Yesterday, he was at an evening rally in Chicago where a snow blizzard shut down the airport for hours. Then he was due in St Louis, Missouri, a key state in any election, but so rushed was the candidate that he was not even planning to leave the airport after holding a rally in a hangar. At least the McCain campaign now has a decent-sized plane. So hard up was his campaign that many of his staff were either let go or working without pay.
Mr Obama's campaign first took him to New Mexico yesterday, an area with a large Hispanic population, whose support he needs on Tuesday if he is to defeat Mrs Clinton. Then he was off to the snowbound north, with appearances booked in Boise, Idaho, Minneapolis, Minnesota, and St Louis, Missouri, as he kept up his strategy of harvesting votes in the crucial smaller states ahead of next Tuesday.

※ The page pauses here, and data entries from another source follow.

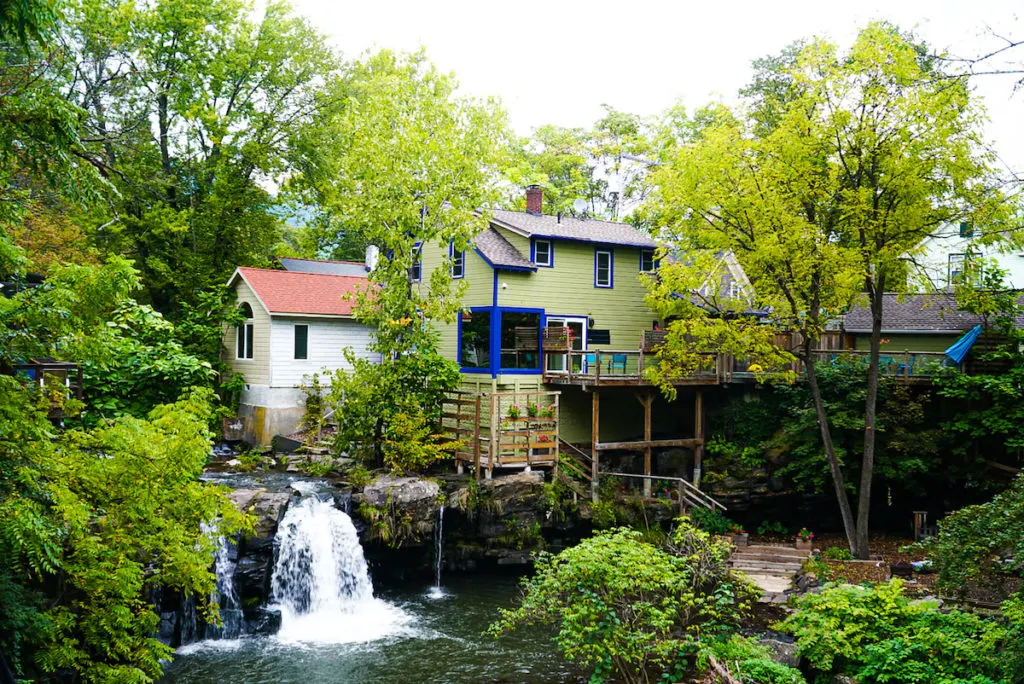 A mini waterfall at the side of a wooden green house gives the feeling of peace and quiet which is definitely one of the reasons why people explore the things to do in Woodstock NY.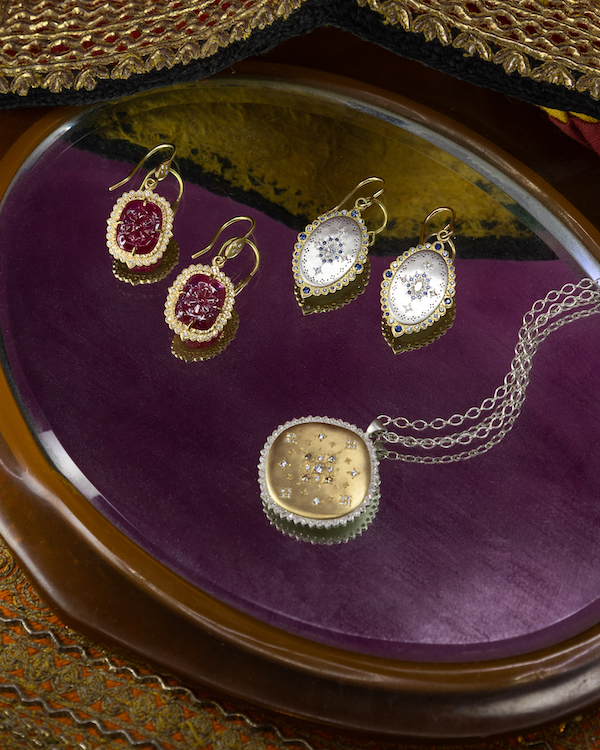 Two pair of earrings and necklace Folded hands with diamond solitaire ring. Adel Chefridi Studio + Gallery in Rhinebeck, NY.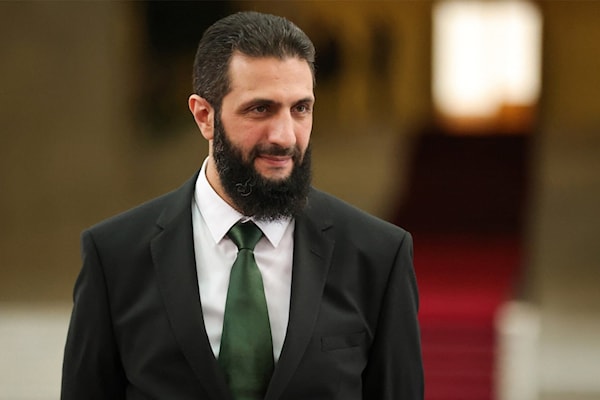 ضمّت قائمة الأعضاء الذين عيّنهم الشرع 15 امرأة (أ ف ب)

Senator Obama received a major boost yesterday with the endorsement of California's 650,000 strong service workers union, which had previously backed John Edwards. The SEIU said it wouldn't have time to launch a major field operation on Senator Obama's behalf, but its endorsement is sure to improve his standing with Latino voters, currently favouring Senator Clinton by a hefty margin, and increases the possibility of an endorsement from Mr Edwards himself.
He also received the endorsement of MoveOn.org, the nationwide left-wing grassroots lobby group which has over 1.7m members in the Super Tues states. Members voted to favour Mr Obama over Hillary Clinton by 70.4 to 29.6 per cent.
Coming out of his strong debate performance on Thursday, Mr Obama is on a roll with a war chest of $32m (£16m) from donors to whom he has returned again and again to ask for $25 and $50 a time. Mrs Clinton's campaign does not have that reach and many of her donors have already hit the $4,600 limit that they are allowed to give.